Same 58-second clip: fixed 1 fps sampling = 58 frames . crv keeps the 26 that actually differ — and --grid packs them into 3 contact sheets . Fewer tokens, nothing missed.
This free version lets your AI see the video. crv Pro lets it understand it — how it was shot (cut rhythm, camera moves) plus a timestamped timeline of what frames can't show: gestures, expressions, voice pitch shifts, emotion, sound events. One-time founder price.
Most AI tools don't really see a video. Paste a YouTube link into ChatGPT and it
reads the transcript , not the picture. Claude won't take a video file at all.
Even Gemini, which can read video natively, has to send it up to Google and
samples frames at a fixed interval (1 fps by default), so fast cuts slip past.
claude-real-video does it differently, and the processing runs locally : point it at a URL or a
file, and it pulls the frames that actually matter (every scene change, not a
fixed quota), throws away the near-duplicates, transcribes the audio, and hands
you a clean folder any LLM can read. All the processing happens on your own machine — what gets sent anywhere is only the frames/text you choose to paste into an LLM afterwards.

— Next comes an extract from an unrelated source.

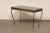 Coffee 1960's Metal Console Table with Marble Top For Sale - Image 8 of 11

crv " https://www.youtube.com/watch?v=... "
# → crv-out/frames/*.jpg + crv-out/transcript.txt + crv-out/MANIFEST.txt
Then drop the frames + MANIFEST.txt into Claude / ChatGPT / Gemini and ask away.
No terminal needed — run crv-web and a local page opens (Traditional Chinese / Simplified Chinese / English): paste a YouTube or Reels link or a file path, click Analyze, open the result viewer. Runs 100% locally, nothing uploaded.

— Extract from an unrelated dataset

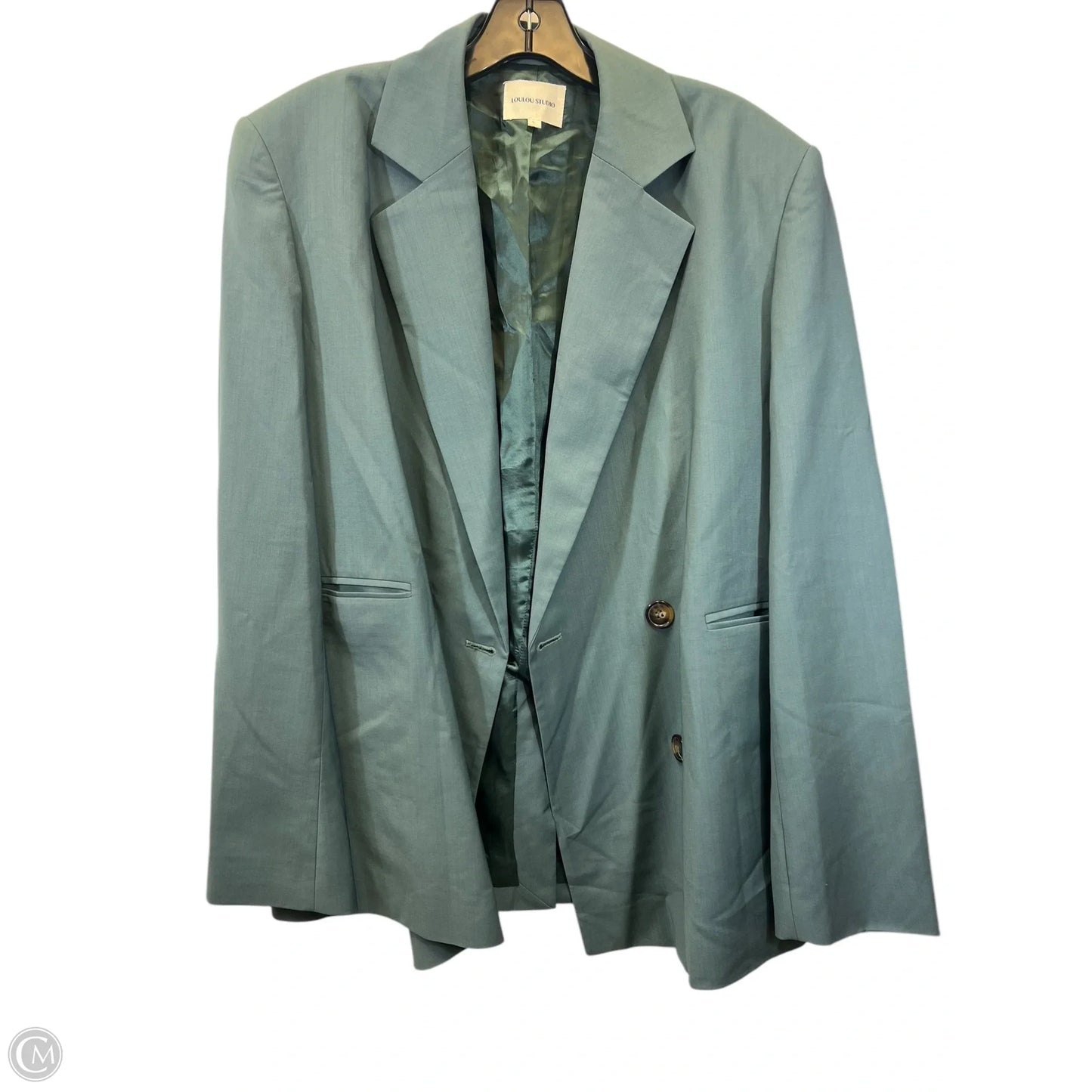 Blazer Designer By LouLou Studio In Green, Size: L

Want to eyeball what the model will see first? Add --viewer — it writes a local viewer.html (video + keyframe grid + transcript) you can double-click open. No network, no extra installs.
Slow-changing content (animation tutorials, gradual morphs, slow pans): add --adaptive — frames are picked against their rolling neighbourhood instead of a fixed threshold, so a 2-3s squash-and-stretch that never spikes any single frame still gets captured.
Text-heavy content (burned-in captions, lecture slides, screen recordings): add --text-anchors — extra frames are forced at subtitle-cue timestamps (sidecar .srt / .vtt or embedded track), so each spoken segment gets a matching visual even when the scene barely changes. At most one forced frame per second; scene detection is untouched.
Not doing LLM work? It also works as a general-purpose video keyframe extractor —
scene-change detection + dedup, no ML
The roast
Your idea of letting LLMs 'watch' videos locally is interesting, but the market for this is murky at best. You claim speed as your moat (q11=speed), yet you're relying on local processing, which can vary greatly across different consumer hardware. Additionally, while you point out the limitations of current AI tools, you fail to address why users would switch to your solution beyond mere novelty. The execution plausibility is shaky with your solo (q13=solo) and unfunded (q14=no_funding) setup. Your tech might be impressive, but can you really convince users to pay?
Red flags
- q13=solo
- q14=no_funding
- q15=will_pay
Verdict
You've built a smart tool for a niche problem, but convincing a general audience to pay for it will be an uphill battle.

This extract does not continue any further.